So begins the chairmen’s preface to a report submitted in 2006 by the Commission on Safety and Abuse in America’s Prisons. It was the questioning, the vague discomfort in not knowing — and not caring, frankly — whether we are punishing people “in ways that no judge or jury ever intended” that stuck with me.
But then uneasiness fades over time, and the source of it is forgotten until something else jolts it back to mind — as happened in the flurry of recent Supreme Court decisions — to be precise, the ruling that an automatic sentence of life without parole is cruel and unusual punishment to impose on children below age 18. Many of the commentaries on the ruling recalled another Supreme Court that had concluded in 1958 that the Eighth Amendment “must draw its meaning from the evolving standards of decency that mark the progress of a maturing society.”

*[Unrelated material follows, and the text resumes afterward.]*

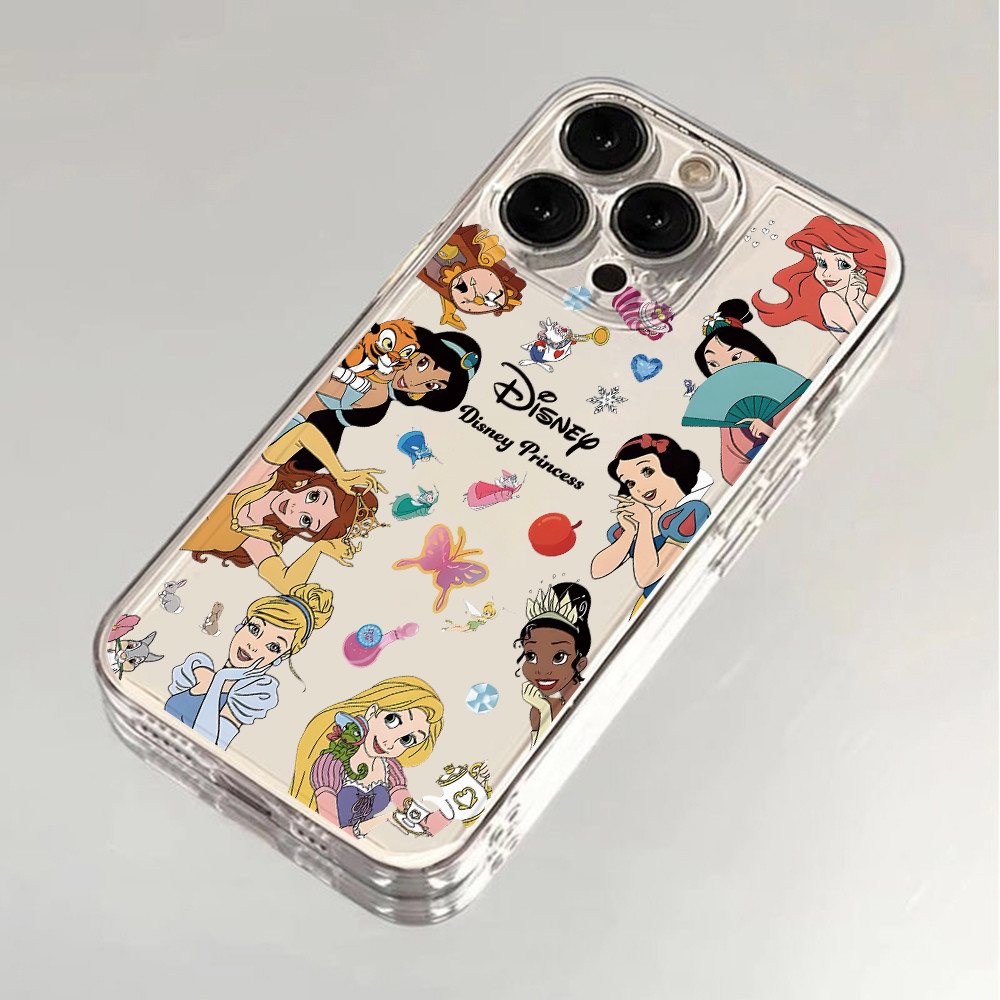 Disney Princess Witch Villain สําหรับ Xiaomi Mi 14 14T 13 12 12T 11 10 10T Lite T Poco X6 X4 NFC X3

A half-century more of maturing has brought us to the point where we can finally reject as inhumane a punishment that forever writes off children, even those who have killed.
But for the standards of decency to evolve at a faster pace, it will take many more ordinary citizens not looking away from how we punish crime as a society but examining “what we are doing and the results.”
One of the things we are doing more of in federal and state prisons across the country is using solitary confinement. In April, Amnesty International and various human rights groups noted a somber anniversary: Two of the three Louisiana prisoners known as the Angola Three, clocked 40 years in solitary confinement. Forty years deprived of virtually all human interactions.
In May, attorneys challenged the constitutionality of solitary confinement in California’s Pelican Bay prison, filing a class-action suit involving prisoners who have languished in solitary for 10 years or longer.
In essence, the commissioners’ report in 2006 was asking: As a society, do we care whether in the process of punishing crime, we adopt practices that permanently damage human beings? A couple of weeks ago, Illinois’ Sen. Richard Durbin conducted hearings on the increased use of long-term solitary confinement, a first for Congress, calling the practice “a human rights issue we can’t ignore.”
Solitary confinement is by no means a novel method. It is used widely for inmate control to separate the most dangerous and violent prisoners from the general prison population and staff. It is used to discipline inmates for rule violations. As political prisoners and hostages attest, solitary confinement also is an effective instrument of mental torture, a devilishly simple method to break down the human mind and spirit. Ask a Nelson Mandela or a John McCain.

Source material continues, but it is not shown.